CES Senior Vice-Pres. David L. Stone said energy efficiency and reliability are important to Chevron because energy is one of the biggest expenses in oil and gas operations.
“Chevron has achieved a 27% improvement in energy efficiency since 1992 to present,” Stone said. “That is about $1 billion/year out of our average cost structure. We lowered energy costs through energy efficiency.”
CES works on upstream, downstream, and midstream projects for Chevron and other clients. Customers include federal government agencies, universities, and others.
“We design and build projects, both energy-efficiency and renewable-power projects, for customers as well as for our own facilities,” Stone said. “To our knowledge, none of the other oil and gas companies have a business that looks like Chevron Energy Solutions.”

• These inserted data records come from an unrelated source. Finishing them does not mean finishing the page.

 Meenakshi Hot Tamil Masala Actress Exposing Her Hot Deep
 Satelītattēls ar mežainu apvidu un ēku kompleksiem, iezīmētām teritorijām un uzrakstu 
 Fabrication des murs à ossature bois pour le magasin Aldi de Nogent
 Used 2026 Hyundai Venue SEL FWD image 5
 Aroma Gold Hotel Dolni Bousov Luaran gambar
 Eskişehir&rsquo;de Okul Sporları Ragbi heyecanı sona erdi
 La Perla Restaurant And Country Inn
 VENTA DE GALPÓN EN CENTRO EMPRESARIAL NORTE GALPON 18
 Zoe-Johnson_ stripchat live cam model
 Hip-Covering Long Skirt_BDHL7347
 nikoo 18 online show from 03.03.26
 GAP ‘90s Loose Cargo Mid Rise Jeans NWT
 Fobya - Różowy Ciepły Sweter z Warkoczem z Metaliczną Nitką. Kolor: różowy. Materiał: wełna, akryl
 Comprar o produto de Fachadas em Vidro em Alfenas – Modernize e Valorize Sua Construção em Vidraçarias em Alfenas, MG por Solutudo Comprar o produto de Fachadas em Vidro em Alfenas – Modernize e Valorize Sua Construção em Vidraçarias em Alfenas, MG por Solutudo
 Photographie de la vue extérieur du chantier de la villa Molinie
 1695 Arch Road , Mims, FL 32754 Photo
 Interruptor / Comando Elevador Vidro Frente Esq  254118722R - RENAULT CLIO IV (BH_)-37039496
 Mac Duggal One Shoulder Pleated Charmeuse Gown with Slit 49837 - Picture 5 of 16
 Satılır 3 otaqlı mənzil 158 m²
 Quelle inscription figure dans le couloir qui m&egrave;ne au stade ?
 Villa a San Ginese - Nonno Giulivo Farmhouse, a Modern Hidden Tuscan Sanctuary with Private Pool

CES estimates that in 2005 it saved its customers more than 177 kw-hr of electricity and 1.185 tcf of natural gas, equivalent to avoiding 97,000 tonnes of CO2 emissions.
Stone said CES is technology-neutral and product-neutral because it does not have any of its own proprietary technology or equipment that it’s trying to sell.
“We are familiar with all state-of-the-art best technologies, whether it is alternative energy, renewable power, or energy efficiency. We will apply what is the very best thing to meet the customer’s need,” Stone said.